Thao and her holding company also own about a 20 percent stake in Ho Chi Minh City Development JS Commercial Bank or HDBank, according to the people. Thao’s the vice-chairman of the privately-held commercial bank, which has total assets of about $4.6 billion last year. The company has 225 branches and employs almost 10,000 people.

Thao’s foray into business began around 1988 as a second-year student in Moscow, where she was studying finance and economics. She began as a trade distributor with little money, receiving clothing, office equipment and consumer goods on credit from suppliers in Japan, Hong Kong and South Korea, and selling them in Russia in the years before collapse of the Soviet Union.

‘Being Honest’

"I worked so hard and earned the trust of suppliers by always being honest with them," said Thao, whose mother was a teacher and father, a pharmacist. "I didn’t have much money. They gave me more and more products with longer credit terms."
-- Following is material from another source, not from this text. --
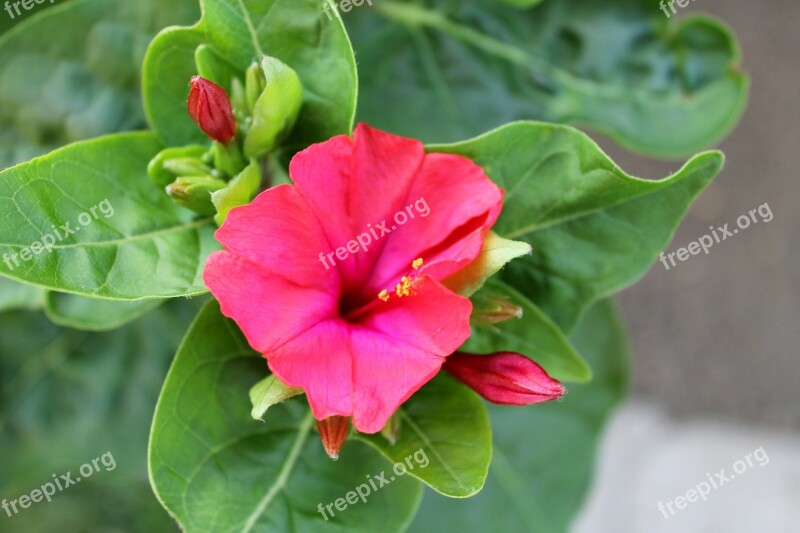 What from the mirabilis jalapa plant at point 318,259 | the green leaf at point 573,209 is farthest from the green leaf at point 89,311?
the green leaf at point 573,209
After making her first million three years later, Thao moved on to trade steel, machinery, fertilizer and other commodities.
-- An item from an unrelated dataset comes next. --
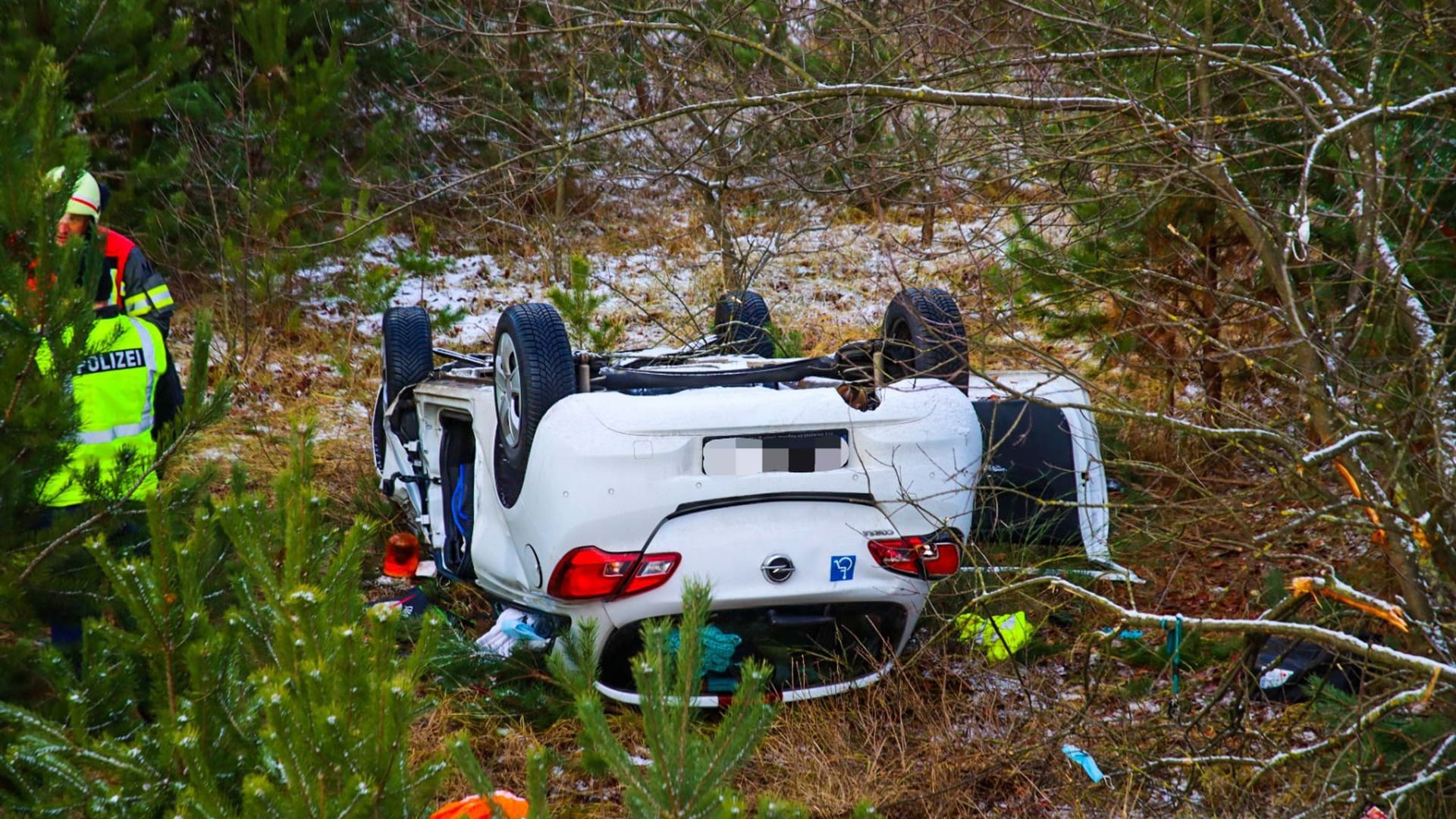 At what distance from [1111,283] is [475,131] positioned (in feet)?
33.0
She returned to Vietnam and invested in Techcombank, also known as Vietnam Technological and Commercial Joint-Stock Bank, and a second lender, Vietnam International Commercial Joint Stock Bank. She later lodged an application to run an airline in anticipation the communist government, which adopted a market economy in 1986, would open up the industry to compete against state carrier Vietnam Airlines.

‘Bikini Image’

VietJet is known for its young and attractive flight attendants who wear bikinis on inaugural flights to beach locations and featured similar models on its calendars, which Thao says are empowering images in Vietnam’s conservative culture.
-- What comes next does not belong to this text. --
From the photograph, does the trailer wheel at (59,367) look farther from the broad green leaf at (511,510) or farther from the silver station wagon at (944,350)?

"You have the right to wear anything you like, either the bikini or the traditional ao dai," she said, referring to the traditional long tunic worn over loose pants. "We don’t mind people associating the airline with the bikini image. If that makes people happy, then we are happy."

VietJet will probably surpass national carrier Vietnam Airlines as the nation’s biggest domestic carrier this year, according to CAPA Centre for Aviation. Vietnam is expected to rank among the world’s 10 fastest-growing aviation markets in the next two decades, according to the International Air Transport Association.